A little over a month has passed since U.S. president Barack Obama ordered the closure of Guantanamo Bay and other CIA detention centers. Now, new information has surfaced about the extent of the 2005 destruction of interrogation tapes by the CIA. The number of tapes destroyed by the CIA was previously unknown, but the news broke early last week that 92 was the total.
The number comes as a disappointment to many, but a shock to few. The CIA has long been known for the torture tactics it employs during interrogation sessions. The injustices, not surprisingly, only increased during Bush’s post-911 terror interrogations. Consequently, when the investigation against the CIA began in 2005, it came as no surprise that the audio and visual evidence that documented the interrogation sessions was systematically destroyed in an attempt to protect the CIA officials that engaged in these sessions. Now that the amount of evidence destroyed has been revealed, American Civil Liberties Union attorney Amrit Singh has stated that the CIA should be held in contempt for failing to reveal the information at an earlier date.
That this revelation arose in conjunction with the instructions to close down Guantanamo Bay leaves me wondering if this string of events signals a long-overdue reign-in of the CIA, and the dawn of a new era under President Obama. The disclosure of the destruction statistic was made by CIA officials during legal proceedings, but it was the Obama government that released to the public the information from the trials (along with the Justice Department memos from Bush’s presidency). Could this mean greater transparency in the future? All that Obama has done since his inauguration points to a move in the right direction. Still, these are only the first steps, and it will take more work to correct past injustices and ensure better practices in the future.

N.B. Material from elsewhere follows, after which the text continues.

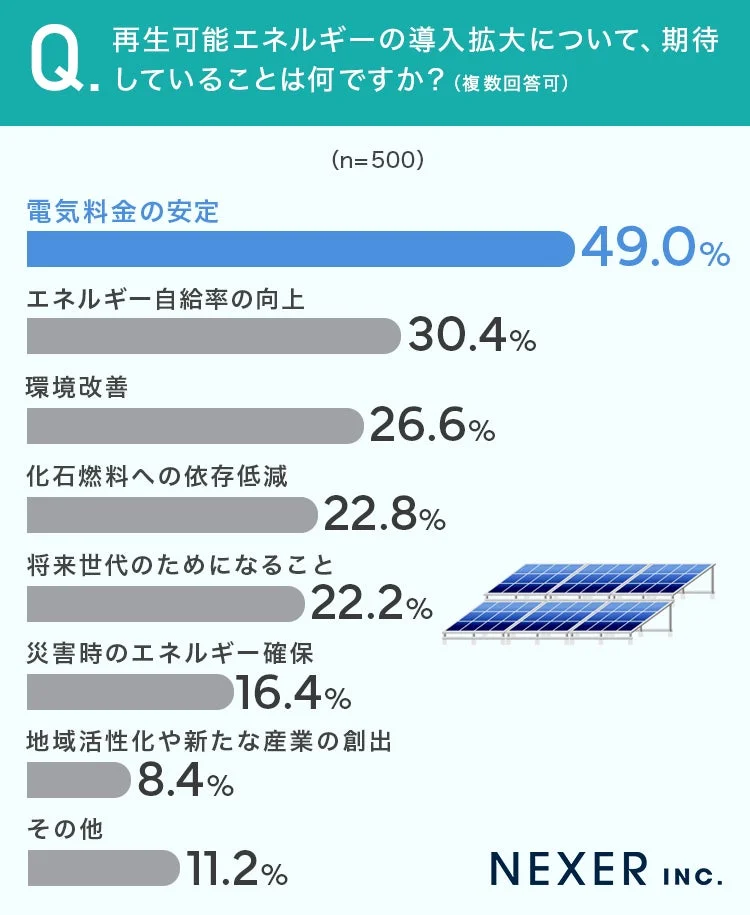 再生可能エネルギーに期待すること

The optimism in response to the information release was tempered by the grim realization of belated atonement for the Bush administration. A further and even more troubling realization is that the government has probably only scratched the surface of revealing, and moving to correct, past wrongdoings. Given that the Justice Department’s Office of Legal Counsel gave Bush the authority to suspend freedom of speech, ignore the Fourth Amendment, and send prisoners to countries known to use torture, what is left to discover isn’t likely to make the free world proud. Nevertheless, it’s better to be disappointed with eyes wide open than to be blissfully ignorant of the truth.